This is a point-buy RPG where all abilities are available to all characters, but there are specialties that will reduce the cost. There are Primary and Secondary specialties. Primary reduces the cost of abilities under their umbrella by 2 while Secondary only reduces it by 1. You may use both Specialties on the same group of abilities, but you will lack in versatility. Every Primary Specialty will grant you level-dependent abilities. You gain points to purchase these abilities at every level. This is not meant to be a high-level game like D&D, however, so characters from the game have the potential to be more powerful that their D&D counterparts.
When you do an average roll, roll 1d10 and add the related Attribute. The number of d10s you roll increases as you gain levels.
There are two ways to use abilities. Action Dice and Magic Points. All characters start the game with 1 Action Die and at least 3 Magic Points. Action Dice start at 1d4 and increase as you level up. The Warrior and Beast Master specialties gain Action Dice more rapidly than other characters. Characters with Magic Specialties gain Magic Points at a higher rate than others. Action Dice are recharged at the beginning of every round of Combat, while Magic Points are recharged at the beginning of every day.
There are two basic types of actions: Standard Actions and Move Actions. You may make one move action a turn regardless of how many Action Dice you have. Standard actions are gained by sacrificing (or ‘burning’) Action Dice. Using an ability is a Standard Action unless otherwise specified.
The attributes used in this game are Strength, Dexterity, Constitution, and Magic. You start the game with a score between 1 and 4 in all of these abilities.
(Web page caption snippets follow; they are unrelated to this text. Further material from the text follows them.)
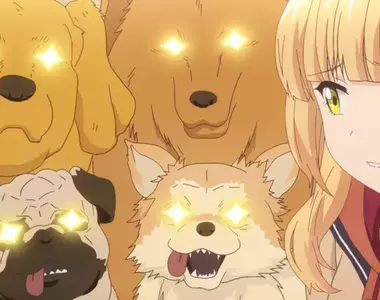 坐在椅子上《乖乖被拍照的狗》日本網友好奇這種狗狗真的很多嗎？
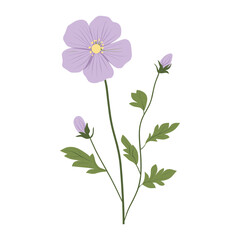 Wall Mural - an altey wildflower clip art illustration design plant vector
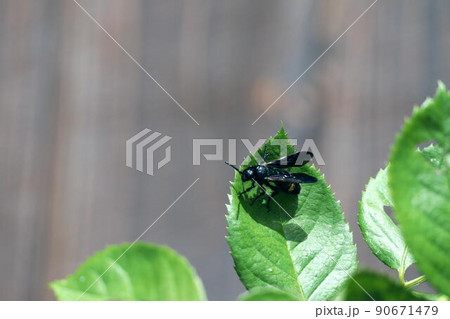 薔薇の葉に留まるキオビツチバチ 90671479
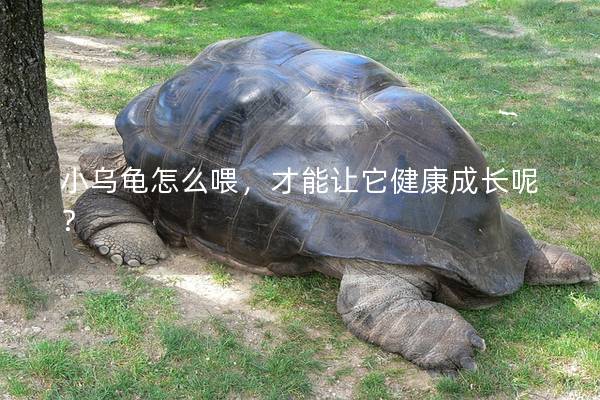 小乌龟怎么喂，才能让它健康成长呢？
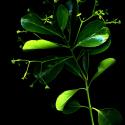Img.VTax1477.ExN.Img10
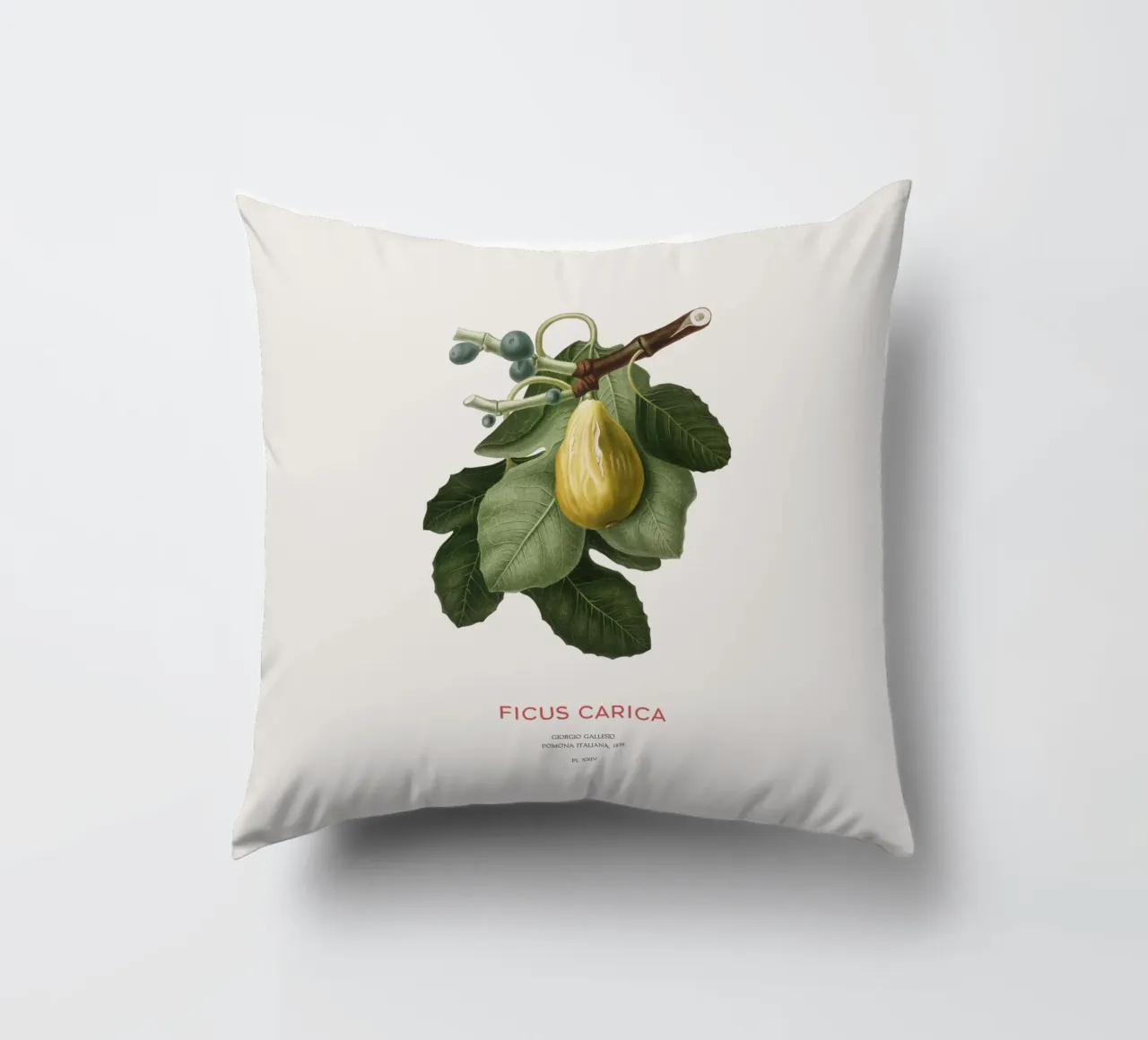 Fico o Ficus Carica cuscino da Vintagrafica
To gain these you either roll 2d4 and choose the highest, repeating for each attribute, or choose to allocate 4, 3, 2, and 1 to whichever you choose. A score of 1 in an attribute means that you are somewhat pathetic in that area, 2 means that you are good enough pass, 3 means that you are average, 4 means that you are good at it, 5 is very good, and 6 is phenomenal. Scores higher than 6 are considered the stuff of legends. Scores higher than 12 are possessed by those who could rival the Gods. If you have a score higher than 12, then odds are someone is doing something wrong. When you augment a roll with an attribute, you add the entire attribute, not some random number tied to it.
There are skill checks, which will be figured out later. For now, just follow the General Rolls rule.